Clinton’s goal is to use his influence to try to enhance the electoral fortunes of the parties that support the Good Friday Agreement, particularly David Trimble‘s Ulster Unionist Party, who are under pressure from Ian Paisley‘s anti-agreement Democratic Unionist Party (DUP).

Clinton arrives at Farranfore Airport, County Kerry, before heading to a round of golf at Ballybunion Golf Club with the former Irish deputy prime minister and Labour Party leader Dick Spring. He spends the night at Dromoland Castle, County Clare, before two days of public engagements in Dublin.

Trimble has vowed to quit as head of the Stormont Executive, where his party shares power with Sinn Féin, if the Irish Republican Party (IRA) has not started to get rid of its guns by July 1. Paisley, however, has accused Trimble and British Prime Minister Tony Blair of breaking their promises to the people of Northern Ireland by allowing into government a party linked to a terrorist group, without prior arms decommissioning.
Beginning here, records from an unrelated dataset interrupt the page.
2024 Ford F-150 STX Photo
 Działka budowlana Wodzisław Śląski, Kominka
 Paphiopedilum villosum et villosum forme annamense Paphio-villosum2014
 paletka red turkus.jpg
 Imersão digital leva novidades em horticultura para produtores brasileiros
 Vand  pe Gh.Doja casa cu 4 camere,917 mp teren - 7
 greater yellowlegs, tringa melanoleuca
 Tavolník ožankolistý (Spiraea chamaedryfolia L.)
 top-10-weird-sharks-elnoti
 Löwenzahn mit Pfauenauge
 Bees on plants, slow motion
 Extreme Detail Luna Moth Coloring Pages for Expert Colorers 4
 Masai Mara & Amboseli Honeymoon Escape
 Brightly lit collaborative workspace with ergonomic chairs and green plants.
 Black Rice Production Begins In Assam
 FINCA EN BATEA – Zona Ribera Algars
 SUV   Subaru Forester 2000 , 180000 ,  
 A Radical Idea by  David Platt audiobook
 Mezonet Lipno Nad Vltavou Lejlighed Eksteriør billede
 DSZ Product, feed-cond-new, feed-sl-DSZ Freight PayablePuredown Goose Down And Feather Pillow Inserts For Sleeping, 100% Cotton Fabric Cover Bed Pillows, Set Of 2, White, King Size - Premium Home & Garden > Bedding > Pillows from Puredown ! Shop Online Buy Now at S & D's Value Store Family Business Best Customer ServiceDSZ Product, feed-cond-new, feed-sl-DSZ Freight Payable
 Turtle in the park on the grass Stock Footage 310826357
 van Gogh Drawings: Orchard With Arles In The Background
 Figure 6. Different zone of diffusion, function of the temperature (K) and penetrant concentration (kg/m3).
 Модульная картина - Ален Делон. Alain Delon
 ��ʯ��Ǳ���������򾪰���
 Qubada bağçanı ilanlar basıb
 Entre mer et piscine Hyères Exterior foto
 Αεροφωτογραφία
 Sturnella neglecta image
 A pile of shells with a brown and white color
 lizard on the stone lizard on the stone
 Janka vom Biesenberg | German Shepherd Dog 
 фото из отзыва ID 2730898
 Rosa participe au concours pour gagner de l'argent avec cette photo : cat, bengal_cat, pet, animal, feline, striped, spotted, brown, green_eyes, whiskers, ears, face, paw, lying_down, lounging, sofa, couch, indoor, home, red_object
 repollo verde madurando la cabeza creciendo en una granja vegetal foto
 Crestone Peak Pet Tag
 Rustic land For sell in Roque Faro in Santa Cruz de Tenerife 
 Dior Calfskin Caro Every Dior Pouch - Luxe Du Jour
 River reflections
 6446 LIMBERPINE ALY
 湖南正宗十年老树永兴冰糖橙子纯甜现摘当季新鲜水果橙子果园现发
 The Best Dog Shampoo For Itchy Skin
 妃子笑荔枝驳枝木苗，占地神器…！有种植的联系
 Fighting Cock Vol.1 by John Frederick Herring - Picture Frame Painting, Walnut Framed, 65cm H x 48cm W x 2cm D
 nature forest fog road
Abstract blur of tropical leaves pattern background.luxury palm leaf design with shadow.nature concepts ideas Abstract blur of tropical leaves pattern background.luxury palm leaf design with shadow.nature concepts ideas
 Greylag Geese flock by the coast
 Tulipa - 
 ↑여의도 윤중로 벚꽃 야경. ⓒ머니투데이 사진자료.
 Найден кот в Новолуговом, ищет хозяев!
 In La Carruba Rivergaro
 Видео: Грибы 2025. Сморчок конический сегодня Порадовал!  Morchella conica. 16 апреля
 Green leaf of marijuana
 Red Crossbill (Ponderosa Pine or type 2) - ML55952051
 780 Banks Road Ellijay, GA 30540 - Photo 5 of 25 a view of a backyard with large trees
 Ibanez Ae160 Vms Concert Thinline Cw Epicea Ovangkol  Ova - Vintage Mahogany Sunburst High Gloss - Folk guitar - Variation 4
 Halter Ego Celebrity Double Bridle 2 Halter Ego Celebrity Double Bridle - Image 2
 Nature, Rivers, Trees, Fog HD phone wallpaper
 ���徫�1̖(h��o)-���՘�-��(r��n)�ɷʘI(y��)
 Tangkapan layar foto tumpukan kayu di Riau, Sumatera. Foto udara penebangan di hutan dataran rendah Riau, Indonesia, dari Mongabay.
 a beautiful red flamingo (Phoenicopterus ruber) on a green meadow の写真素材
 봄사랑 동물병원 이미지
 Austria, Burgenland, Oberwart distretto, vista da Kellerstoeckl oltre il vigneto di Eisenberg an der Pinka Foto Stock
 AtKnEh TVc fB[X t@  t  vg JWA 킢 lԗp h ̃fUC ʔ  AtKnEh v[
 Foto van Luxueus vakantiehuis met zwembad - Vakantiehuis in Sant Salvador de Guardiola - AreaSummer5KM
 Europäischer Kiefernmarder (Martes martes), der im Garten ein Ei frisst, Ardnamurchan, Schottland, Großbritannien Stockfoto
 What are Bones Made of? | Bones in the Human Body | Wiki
While Clinton is no longer the most powerful man in the world, his charisma and his past efforts to keep the peace process moving are still appreciated by many. He receives Northern Ireland political leaders countless times at the White House and gives support and encouragement by phone during difficult periods of the peace talks.

Clinton delivers a lecture at Trinity College Dublin and attends a gala for peace and reconciliation at Dublin Castle, before travelling to Derry and then on to Belfast, where he receives an honorary degree from the former peace talks chairman George Mitchell, now chancellor of Queen’s University Belfast.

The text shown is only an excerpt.